С чувством совершенного превосходства великан поднял бокал вина и опрокинул в огромный рот. Однако вино не орошило виноградной влагой его пересохший язык. Вино так и осталось поигрывать в бокале густо-гранатовой гладью.
Дэв недоуменно замер. Он взирал на застывшее в бокале вино, пока великана не осенило: вместо напитка бокал наполняло красное стекло.
«Стекло! – в бешенстве прокричал дэв. – Ты обманул меня!»
Хрустальный бокал со стеклянным вином полетел об пол вслед за мухой, разбившись вдребезги.
Ученик ухмыльнулся. Выходка учителя уже не имела значения. Аспарах победил. И они оба знали об этом.
«Я превзошёл тебя, учитель, – спокойно произнёс Аспарах. – Ты не сумел отличить поддельное стеклянное вино от настоящего».
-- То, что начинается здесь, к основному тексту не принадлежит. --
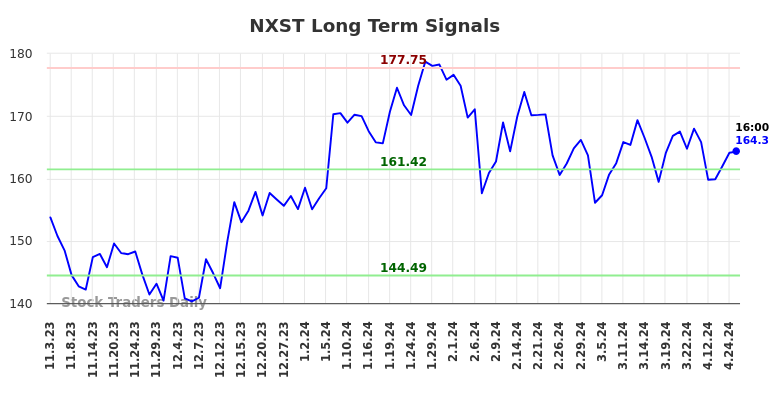 NXST Long Term Analysis for May 3 2024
И это было правдой. Аспарах превзошёл старого плута как в стеклодувном искусстве, так и в мастерстве плутовства, нарочно усыпив бдительность учителя двумя поделками. Муха стала приманкой, стеклянное вино – козырем. Уловка сработала. Отныне великан не имел права удерживать ученика, ведь сдержать данное слово было для дэва делом чести.
«Убирайся на все четыре стороны, пройдоха, и не попадайся мне на глаза!» – взревел великан.
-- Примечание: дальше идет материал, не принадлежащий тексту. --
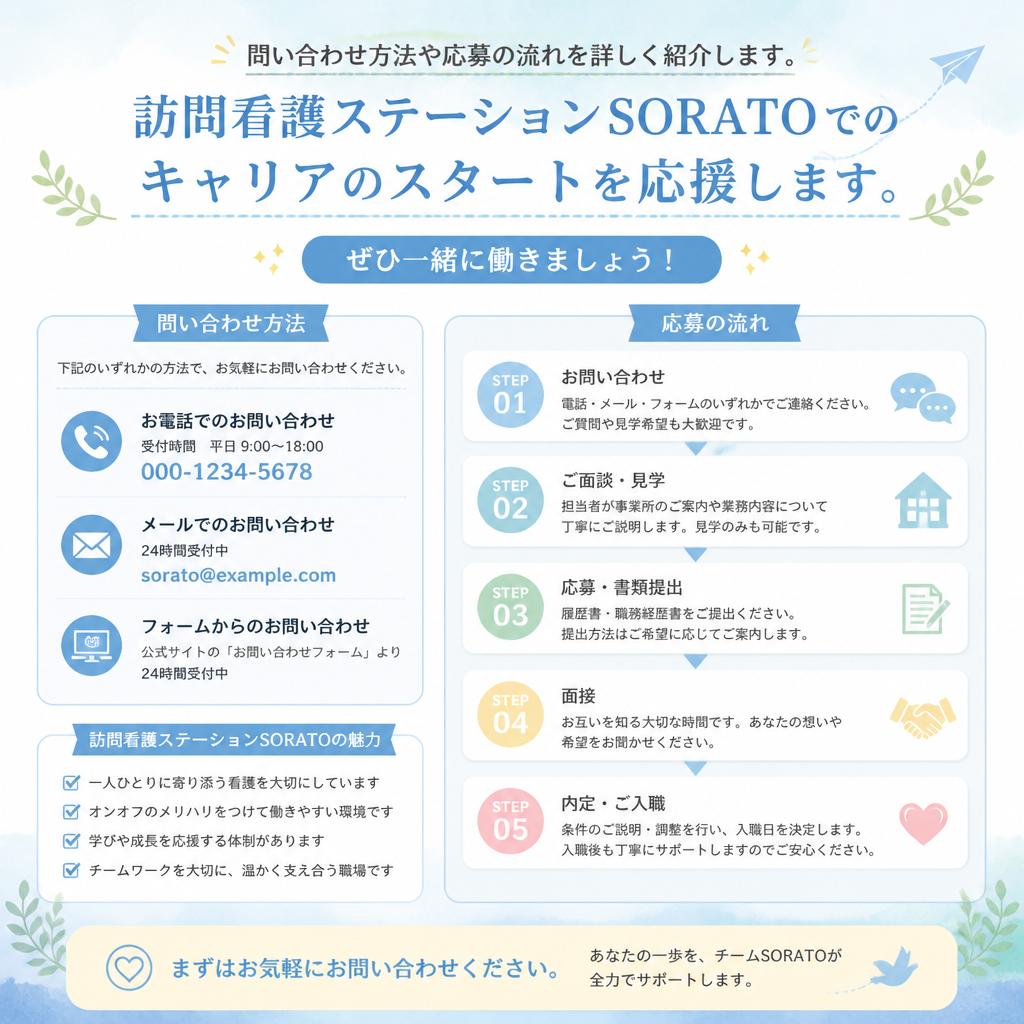 今すぐ応募しよう！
Это был последний совет дэва.
Но Аспарах усвоил главное: пока ты не перехитришь своего дэва, дэв будет водить за нос тебя.
–
В глубине сада всполохом мелькают рыжие пряди Пирры. Аспарах делает вид, что не замечает старшую из дочерей Пандоры. Подслушивала. Злится. До сих пор Пандоре удавалось скрывать внебрачных дочерей, но сегодня открылось. Пирра негодует. Ей не нужны единоутробные сёстры, хочет оставаться единственной. Аспараху безразлично, однако он наперёд знает: Пирра таковой и останется.